Molecules can be represented in various ways, each providing different levels of detail and information. In this section, we will explore some common representations of molecules, including molecular formulas, Lewis structures, SMILES notation. We will also introduce the concept of graphs and their relevance to chemistry and materials science.

SMILES

SMILES string representation of ethane, benzene, and nitrobenzene.

SMILES string representation of ethane, benzene, and nitrobenzene.

SMILES, which stands for Simplified Molecular Input Line Entry System, is a notation that allows the representation of a molecule’s structure using a line of text. This system is essential in cheminformatics because it translates complex molecular structures into a format that computers can easily process.

In SMILES notation, atoms are represented by their chemical symbols. For example, carbon is denoted by “C” and oxygen by “O”. Hydrogen atoms are usually implied and not explicitly written unless necessary for clarity, in which case they are enclosed in square brackets, such as [CH3].

Different types of chemical bonds are indicated using specific symbols. A single bond is typically represented by a dash (though it is often omitted as it is the default), a double bond by an equals sign “=”, a triple bond by a hash “#”, and an aromatic bond by a colon “:”.

To represent molecular structures, SMILES uses branches and rings. Branches are shown by enclosing the branch in parentheses, while ring structures are indicated by numbers that mark the start and end of the ring. Aromatic rings use lowercase letters for the atoms and are closed with numbers.

SMILES can also encode additional molecular information such as stereochemistry, charge, and even disconnected parts of a molecule. It is important to note that SMILES strings are not always unique; for example, ethane can be represented as “CC”, “C-C”, “[CH3]-C”, or “[CH3]-[CH3]”.

SMILES is widely used in fields such as chemistry and drug discovery. Tools like RDKit allow chemists and researchers to convert, manipulate, and analyze SMILES strings.
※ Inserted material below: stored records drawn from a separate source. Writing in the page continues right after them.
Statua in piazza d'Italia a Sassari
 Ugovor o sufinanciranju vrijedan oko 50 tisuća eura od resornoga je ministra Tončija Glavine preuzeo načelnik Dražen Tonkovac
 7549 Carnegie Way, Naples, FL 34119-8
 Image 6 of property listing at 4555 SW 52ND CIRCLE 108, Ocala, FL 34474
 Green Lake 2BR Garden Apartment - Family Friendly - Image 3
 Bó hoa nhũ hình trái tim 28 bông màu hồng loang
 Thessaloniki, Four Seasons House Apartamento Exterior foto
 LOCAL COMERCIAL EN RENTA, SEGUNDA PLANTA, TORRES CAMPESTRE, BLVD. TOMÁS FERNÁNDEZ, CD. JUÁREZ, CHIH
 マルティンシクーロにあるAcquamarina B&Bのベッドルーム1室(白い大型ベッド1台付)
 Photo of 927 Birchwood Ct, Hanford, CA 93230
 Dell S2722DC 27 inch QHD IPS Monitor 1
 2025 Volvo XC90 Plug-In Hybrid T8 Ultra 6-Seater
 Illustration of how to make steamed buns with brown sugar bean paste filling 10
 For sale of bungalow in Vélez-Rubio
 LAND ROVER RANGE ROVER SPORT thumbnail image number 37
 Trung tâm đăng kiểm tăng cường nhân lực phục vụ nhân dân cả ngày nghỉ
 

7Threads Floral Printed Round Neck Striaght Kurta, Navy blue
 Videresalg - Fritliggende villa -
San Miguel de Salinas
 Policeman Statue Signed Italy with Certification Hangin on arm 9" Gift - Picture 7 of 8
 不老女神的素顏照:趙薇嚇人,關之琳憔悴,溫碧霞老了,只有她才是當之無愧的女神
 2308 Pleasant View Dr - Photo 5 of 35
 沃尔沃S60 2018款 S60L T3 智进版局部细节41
This makes it easier to generate molecular structures from text, search chemical databases, and predict physical and chemical properties using computational models.

Overall, SMILES serves as a bridge between a molecule’s visual structure and its digital representation, making it a fundamental tool in modern chemical research and data analysis.

Graphs

A graph (G) is a mathematical structure used to model relationships between objects. It consists of vertices or nodes (V) and edges (E) that connect these nodes: G(V, E). Relationships in a graph are typically stored using a sparse adjacency matrix or list.

In the context of chemistry and materials science, graphs can be used to describe molecular structures. Here, atoms are represented as nodes and bonds as edges. Additional information, such as oxidation states, bond lengths, and bond strengths, can be stored as attributes of the nodes and edges.

Graphs are also valuable in machine learning. They can serve as inputs for algorithms, including Graph Neural Networks (GNNs), which we will discuss later in the course. GNNs can learn from the graph structure and node/edge attributes to make predictions or discover patterns.

By using graphs, we can effectively model and analyze complex relationships in molecular structures, making them a powerful tool in both theoretical and applied chemistry.